### Records supplied
-*-

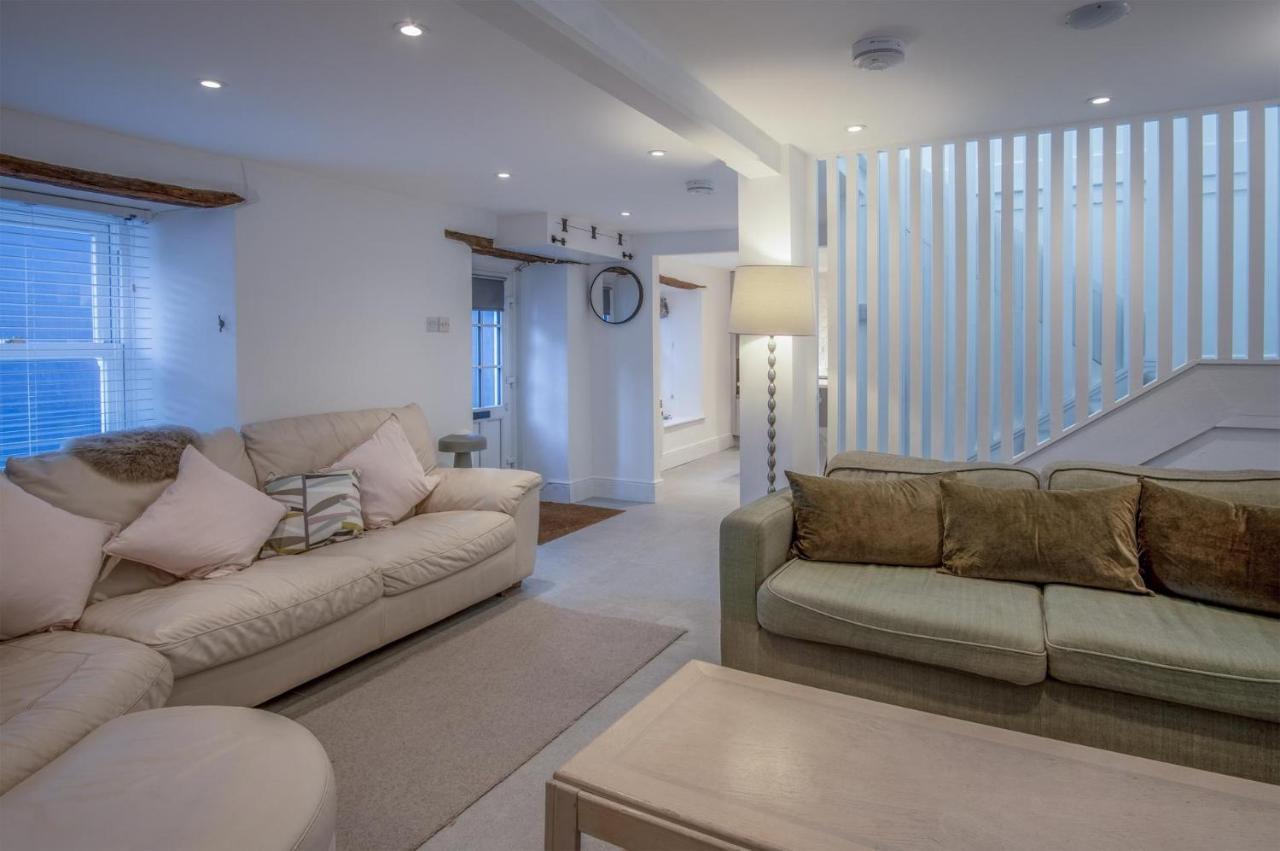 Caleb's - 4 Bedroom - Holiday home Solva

-*-

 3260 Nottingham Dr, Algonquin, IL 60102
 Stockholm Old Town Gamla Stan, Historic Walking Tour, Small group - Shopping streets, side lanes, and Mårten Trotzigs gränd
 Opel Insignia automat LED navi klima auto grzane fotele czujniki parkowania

-*-

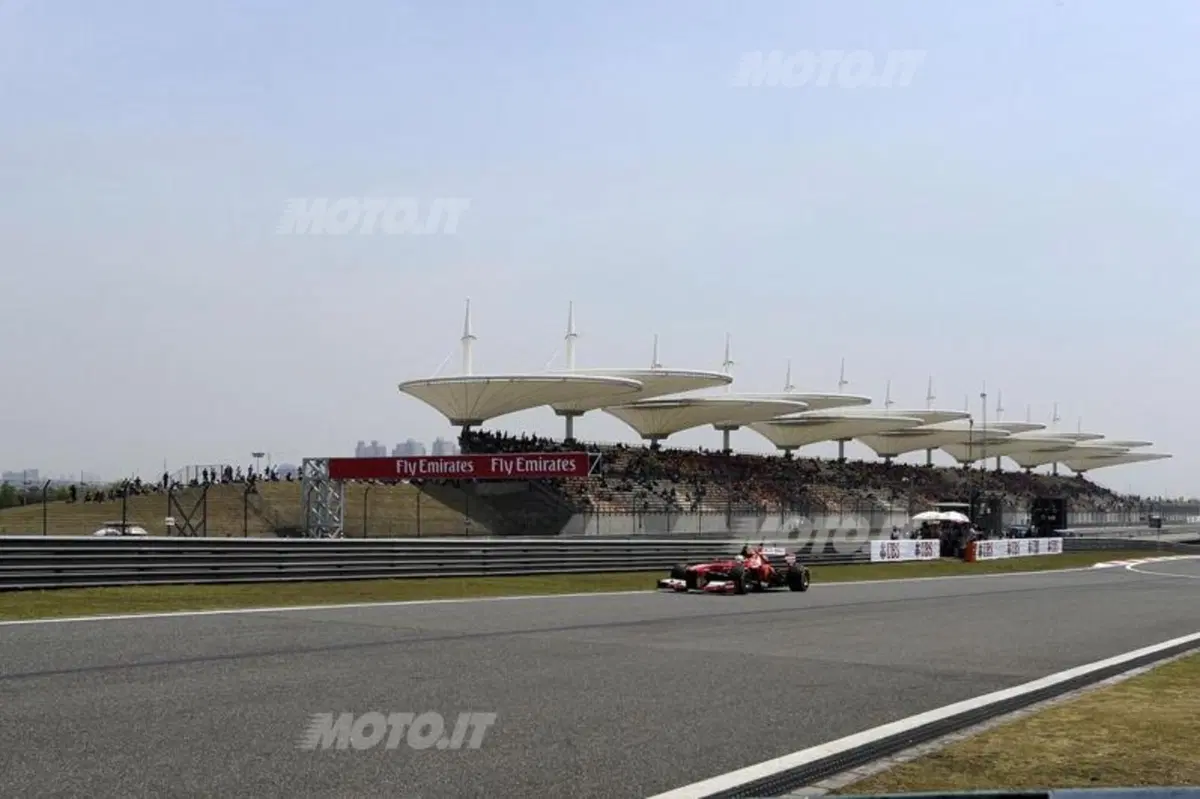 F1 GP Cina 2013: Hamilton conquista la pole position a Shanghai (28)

-*-

### Activity
Out of the listing above, reproduce exactly the lines from the one with "3260 Nottingham Dr, Algonquin, IL 60102" up to and including the one with "Opel Insignia automat".

### Your response
 3260 Nottingham Dr, Algonquin, IL 60102
 Stockholm Old Town Gamla Stan, Historic Walking Tour, Small group - Shopping streets, side lanes, and Mårten Trotzigs gränd
 Opel Insignia automat LED navi klima auto grzane fotele czujniki parkowania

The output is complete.